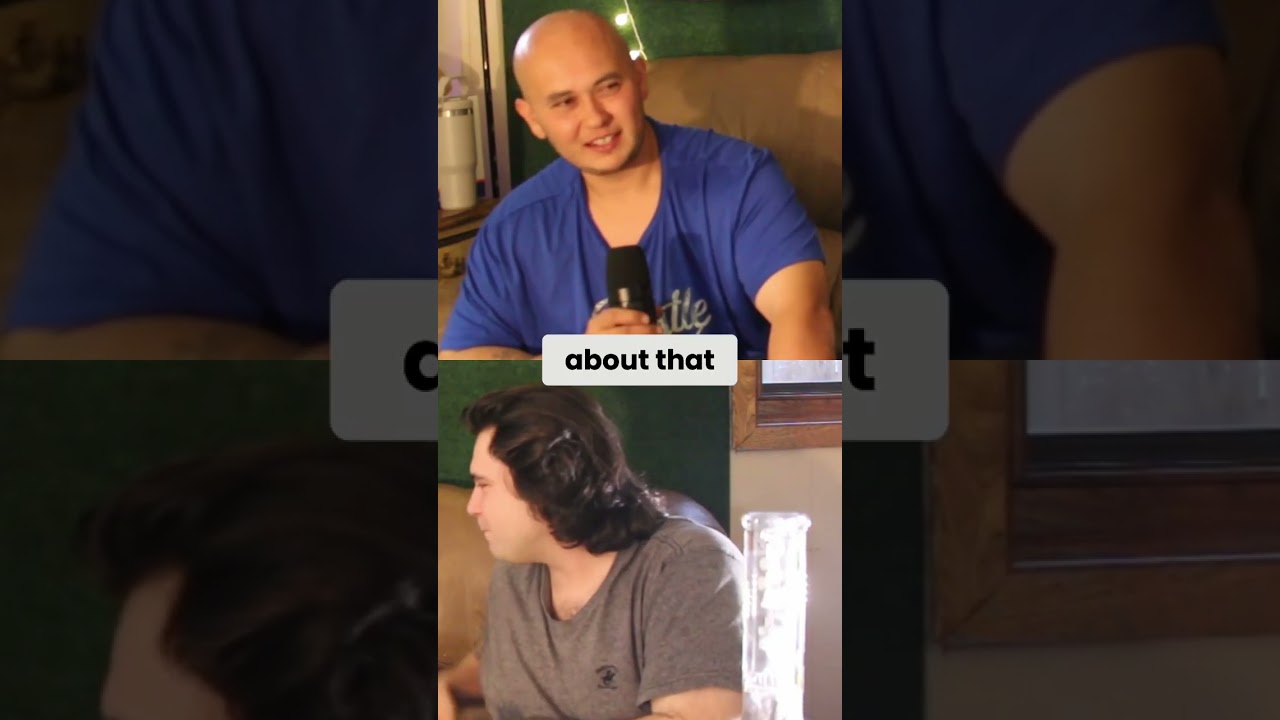 The Evolution of Cannabis Strains: From White Widow to Mexican Brick Weed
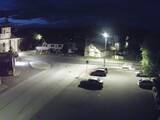 03 : 36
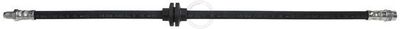 Brake Hose A.B.S. SL 5834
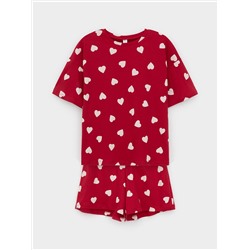 VERY NEAT Комплект МП 20208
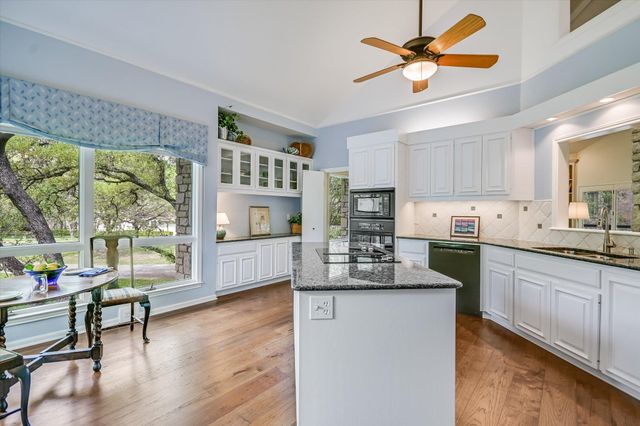 3901 Prentice LN, Austin, TX 78746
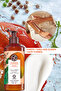 Mango Coriander Lotion 390 ml - Nourishing, Moisturizing, and Softening Body Care with Natural Essences - 2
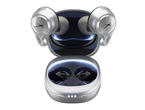 Слушалки Altec Lansing Parade, сиви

* * * * *

For this exercise, copy each line of the data above exactly, from the first through the line containing "Mango Coriander Lotion", and drop the pictures.

 The Evolution of Cannabis Strains: From White Widow to Mexican Brick Weed
 03 : 36
 Brake Hose A.B.S. SL 5834
 VERY NEAT Комплект МП 20208
 3901 Prentice LN, Austin, TX 78746
 Mango Coriander Lotion 390 ml - Nourishing, Moisturizing, and Softening Body Care with Natural Essences - 2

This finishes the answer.